A few months back I wrote an entry on how to achieve an INTERSECT using VFP. That post was inspired by the INTERSECT command that exists in SQL Server 2005. In set theory, the intersect can be defined as follows: “x is an element of sets A and B if and only if x is an element of A and x is an element of B.”

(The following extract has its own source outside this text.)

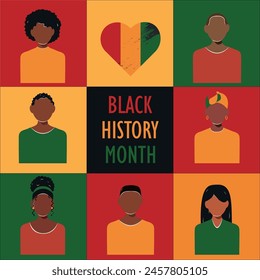Banner Black History Month in bauhaus style. Vector Flat faceless people for card, poster, social media.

But what about returning non-intersecting data from two sets? This would be like a union, but that we only want a list of unique rows within each table, that is, the difference. The difference between two sets could be defined as: “x is an element of set A or B when x is not an element of A and B.” In set theory, this is called a “symmetric difference” (like XOR for x-basers!).
The SQL to accomplish this is almost identical to the Intersect query. Here is the general form in VFP:
SELECT [key field], [attributes..] ; FROM (; SELECT [key field], [attributes..] FROM A ; UNION ALL ; SELECT [key field], [attributes..] FROM B ; ) AS tmp ; GROUP BY [key field], [attributes..] ; HAVING COUNT(*) = 1
The change is in the HAVING clause, where instead of checking to see if COUNT(*) = 2, we check to see if COUNT(*) = 1. This gives us the “Not Intersect” of two sets: perfect for determining how two tables are different! The result is a complete list of non-intersecting data.
Here’s an actual example in VFP (followed by an example using T-SQL):
*-- two sets CREATE CURSOR crTempL (keyfld i) CREATE CURSOR crTempR (keyfld i) *-- test data INSERT INTO crTempL VALUES(1) INSERT INTO crTempL VALUES(3) INSERT INTO crTempL VALUES(5) INSERT INTO crTempL VALUES(7) INSERT INTO crTempL VALUES(9) INSERT INTO crTempR VALUES(3) INSERT INTO crTempR VALUES(6) INSERT INTO crTempR VALUES(9) INSERT INTO crTempR VALUES(12) INSERT INTO crTempR VALUES(15) *-- the difference SELECT keyfld ; FROM (; SELECT keyfld FROM crTempL; UNION ALL ; SELECT keyfld FROM crTempR; ) AS tmp1 ; GROUP BY keyfld ; HAVING COUNT(*) = 1
Now, here is the equivalent in T-SQL.
-- two sets CREATE TABLE #crTempL (keyfld INTEGER) CREATE TABLE #crTempR (keyfld INTEGER) -- test data INSERT INTO #crTempL VALUES(1) INSERT INTO #crTempL VALUES(3) INSERT INTO #crTempL VALUES(5) INSERT INTO #crTempL VALUES(7) INSERT INTO #crTempL VALUES(9) INSERT INTO #crTempR VALUES(3) INSERT INTO #crTempR VALUES(6) INSERT INTO #crTempR VALUES(9) INSERT INTO #crTempR VALUES(12) INSERT INTO #crTempR VALUES(15) -- the query SELECT keyfld FROM ( SELECT keyfld FROM #crTempL UNION ALL SELECT keyfld FROM #crTempR ) AS tmp1 GROUP BY keyfld HAVING COUNT(*) = 1
As you can see, the syntax is almost identical. Thank you ANSI SQL standards!
Can anyone come up with a better or more efficient way to find the Symmetric Difference between two tables in TSQL, VFP, or any other DB?